# perf-regexes

Optimized and powerful regexes for JavaScript

[![npm Version][npm-badge]][npm-url]
[![License][license-badge]][license-url]
[![Build Status][build-badge]][build-url]
[![Bundle Size][size-badge]][size-url]

## Breaking Changes

In ES5, matching literal regexes with other regex in medium complexity code is highly risky.<br>In ES6 it is practically impossible.

For this reason, as of v1.0 `JS_REGEX_P` is deprecated and will be removed in the next minor version.

`JS_REGEX` will be maintained, but its use should be limited to complement other utilities, such as [skip-regex](https://github.com/aMarCruz/skip-regex), which uses a customized version of `JS_REGEX` to identify regular expresions reliably.

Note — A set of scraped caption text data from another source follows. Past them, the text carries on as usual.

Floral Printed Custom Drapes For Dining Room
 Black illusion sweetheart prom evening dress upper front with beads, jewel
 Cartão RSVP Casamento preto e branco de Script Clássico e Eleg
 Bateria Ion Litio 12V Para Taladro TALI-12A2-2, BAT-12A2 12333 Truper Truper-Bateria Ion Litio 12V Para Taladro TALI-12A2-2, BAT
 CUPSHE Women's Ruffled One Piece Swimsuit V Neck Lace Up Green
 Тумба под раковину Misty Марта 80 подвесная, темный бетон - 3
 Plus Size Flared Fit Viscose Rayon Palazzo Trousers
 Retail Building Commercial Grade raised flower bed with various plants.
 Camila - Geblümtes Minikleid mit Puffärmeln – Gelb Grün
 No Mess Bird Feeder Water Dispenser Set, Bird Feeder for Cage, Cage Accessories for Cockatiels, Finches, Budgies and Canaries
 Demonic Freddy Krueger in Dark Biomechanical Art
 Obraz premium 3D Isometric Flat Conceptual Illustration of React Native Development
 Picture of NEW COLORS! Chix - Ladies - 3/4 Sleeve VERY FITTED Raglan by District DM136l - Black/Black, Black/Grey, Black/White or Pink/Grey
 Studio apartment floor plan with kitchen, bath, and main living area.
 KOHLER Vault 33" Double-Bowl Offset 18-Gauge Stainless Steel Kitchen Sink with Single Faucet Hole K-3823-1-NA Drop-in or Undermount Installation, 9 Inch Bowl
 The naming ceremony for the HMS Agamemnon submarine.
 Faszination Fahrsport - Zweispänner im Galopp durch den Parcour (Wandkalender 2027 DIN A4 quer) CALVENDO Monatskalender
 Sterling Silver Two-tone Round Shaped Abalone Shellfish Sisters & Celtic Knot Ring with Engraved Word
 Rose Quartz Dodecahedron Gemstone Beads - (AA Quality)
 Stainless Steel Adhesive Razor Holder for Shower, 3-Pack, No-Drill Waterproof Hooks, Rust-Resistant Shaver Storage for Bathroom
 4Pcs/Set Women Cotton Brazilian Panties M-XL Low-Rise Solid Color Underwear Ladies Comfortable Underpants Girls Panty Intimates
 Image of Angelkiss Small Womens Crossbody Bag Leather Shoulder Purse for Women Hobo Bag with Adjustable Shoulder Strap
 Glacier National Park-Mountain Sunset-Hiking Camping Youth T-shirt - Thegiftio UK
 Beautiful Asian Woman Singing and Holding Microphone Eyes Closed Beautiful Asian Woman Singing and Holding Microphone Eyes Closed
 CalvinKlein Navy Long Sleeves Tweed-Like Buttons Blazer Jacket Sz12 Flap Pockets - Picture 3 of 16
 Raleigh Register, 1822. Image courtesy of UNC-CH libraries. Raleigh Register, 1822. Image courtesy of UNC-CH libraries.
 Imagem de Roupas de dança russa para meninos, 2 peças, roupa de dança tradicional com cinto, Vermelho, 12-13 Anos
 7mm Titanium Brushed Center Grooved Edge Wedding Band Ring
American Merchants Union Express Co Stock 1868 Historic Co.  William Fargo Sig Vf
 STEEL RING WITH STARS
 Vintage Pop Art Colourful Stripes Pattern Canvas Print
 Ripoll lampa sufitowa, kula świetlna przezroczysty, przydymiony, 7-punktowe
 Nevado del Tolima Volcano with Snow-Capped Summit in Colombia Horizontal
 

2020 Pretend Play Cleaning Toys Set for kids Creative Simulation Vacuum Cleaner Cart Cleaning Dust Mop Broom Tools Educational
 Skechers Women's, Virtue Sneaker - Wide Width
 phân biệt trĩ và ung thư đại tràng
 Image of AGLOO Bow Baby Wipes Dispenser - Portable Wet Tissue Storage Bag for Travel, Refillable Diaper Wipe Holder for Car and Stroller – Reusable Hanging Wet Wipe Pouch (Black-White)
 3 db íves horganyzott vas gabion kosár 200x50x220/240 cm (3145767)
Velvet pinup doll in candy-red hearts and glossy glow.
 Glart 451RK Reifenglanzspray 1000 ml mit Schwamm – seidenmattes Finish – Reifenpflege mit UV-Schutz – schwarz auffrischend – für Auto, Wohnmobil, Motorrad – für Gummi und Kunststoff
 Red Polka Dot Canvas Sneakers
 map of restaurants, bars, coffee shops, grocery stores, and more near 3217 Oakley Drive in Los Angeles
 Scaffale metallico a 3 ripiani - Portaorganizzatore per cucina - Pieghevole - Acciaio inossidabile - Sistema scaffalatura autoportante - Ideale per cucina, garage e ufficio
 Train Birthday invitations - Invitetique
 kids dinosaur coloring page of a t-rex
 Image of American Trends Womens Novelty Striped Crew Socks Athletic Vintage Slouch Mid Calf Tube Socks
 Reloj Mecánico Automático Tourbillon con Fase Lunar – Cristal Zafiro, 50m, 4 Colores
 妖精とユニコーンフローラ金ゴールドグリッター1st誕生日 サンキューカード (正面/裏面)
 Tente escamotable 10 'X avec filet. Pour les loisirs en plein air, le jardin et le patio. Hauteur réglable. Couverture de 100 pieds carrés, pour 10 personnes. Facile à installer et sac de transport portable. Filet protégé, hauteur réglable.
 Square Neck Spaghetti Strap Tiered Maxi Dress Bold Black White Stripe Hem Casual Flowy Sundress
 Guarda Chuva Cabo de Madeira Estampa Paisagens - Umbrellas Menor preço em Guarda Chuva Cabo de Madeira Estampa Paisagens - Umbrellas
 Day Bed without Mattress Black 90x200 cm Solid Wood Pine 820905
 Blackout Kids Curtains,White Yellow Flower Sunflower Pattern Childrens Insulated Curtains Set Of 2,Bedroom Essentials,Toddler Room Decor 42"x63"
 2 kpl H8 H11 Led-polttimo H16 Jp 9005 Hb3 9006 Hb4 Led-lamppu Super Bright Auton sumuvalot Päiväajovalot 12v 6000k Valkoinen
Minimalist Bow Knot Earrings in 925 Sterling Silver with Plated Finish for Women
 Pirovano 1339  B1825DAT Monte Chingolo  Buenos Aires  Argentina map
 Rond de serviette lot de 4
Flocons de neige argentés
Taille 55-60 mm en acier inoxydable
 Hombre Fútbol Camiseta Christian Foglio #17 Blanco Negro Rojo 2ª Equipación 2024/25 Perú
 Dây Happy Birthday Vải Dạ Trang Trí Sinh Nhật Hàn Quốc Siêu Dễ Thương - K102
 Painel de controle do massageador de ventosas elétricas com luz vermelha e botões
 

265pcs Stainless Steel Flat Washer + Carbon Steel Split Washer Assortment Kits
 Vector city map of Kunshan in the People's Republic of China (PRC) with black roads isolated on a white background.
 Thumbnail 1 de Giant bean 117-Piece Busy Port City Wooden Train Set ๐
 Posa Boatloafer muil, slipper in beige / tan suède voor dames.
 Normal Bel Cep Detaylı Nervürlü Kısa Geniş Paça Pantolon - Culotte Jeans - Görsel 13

The minimum supported version of NodeJS now is 6.14 (oldest maintained LTS version w/fixes).

## Install

```sh
npm install perf-regexes --save
# or
yarn add perf-regexes
```

In the browser, this loads perf-regexes in the global `R` object:

```html
<script src="https://unpkg.com/perf-regexes/index.min.js"></script>
```

## Included Regexes

All of these regexes recognize Win/Mac/Unix line-endings and are ready to be used, but you can customize them using the `RegExp` constructor and the `source` property of the desired regex.

HTML:

Name       | Flags | Matches
---------- | :---: | -------
HTML_CMNT  | g     | Valid HTML comments, according to the [SGML](https://www.w3.org/TR/html4/intro/sgmltut.html#h-3.2.4) standard.

JavaScript:

Name       | Flags | Matches
---------- | :---: | -------
JS_MLCMNT  | g     | Multiline JS comment, with support for embedded `'/*'` sequences.
JS_SLCMNT  | g     | Single-line JS comments, not including its line-ending.
JS_DQSTR   | g     | Double quoted JS string, with support for escaped quotes and line-endings.
JS_SQSTR   | g     | Single quoted JS string, with support for escaped quotes and line-endings.
JS_STRING  | g     | Combines `JS_SQSTR` and `JS_DQSTR` to match single or double quoted strings.
JS_REGEX   | g     | Regex. **Note:** The result must be validated.
JS_REGEX_P | g     | _Deprecated, do not use it._

Selection of lines:

Name            | Flags | Matches
--------------- | :---: | -------
EMPTY_LINES     | gm    | Empty line or line with only whitespace within, including its line-ending, if it has one.
NON_EMPTY_LINES | gm    | Line with at least one non-whitespace character, including its line-ending, if it has one.
TRAILING_WS     | gm    | The trailing whitespace of a line, without including its line-ending.
OPT_WS_EOL      | g     | Zero or more blank characters followed by a line-ending, or the final blanks, if the (last) line has no line-ending.
EOL             | g     | Line-ending of any type

### NOTE

Because the `'g'` flag, always set `lastIndex` or clone the regex before using it with the `exec` method.

## Example

Using only one regex, this simple example will...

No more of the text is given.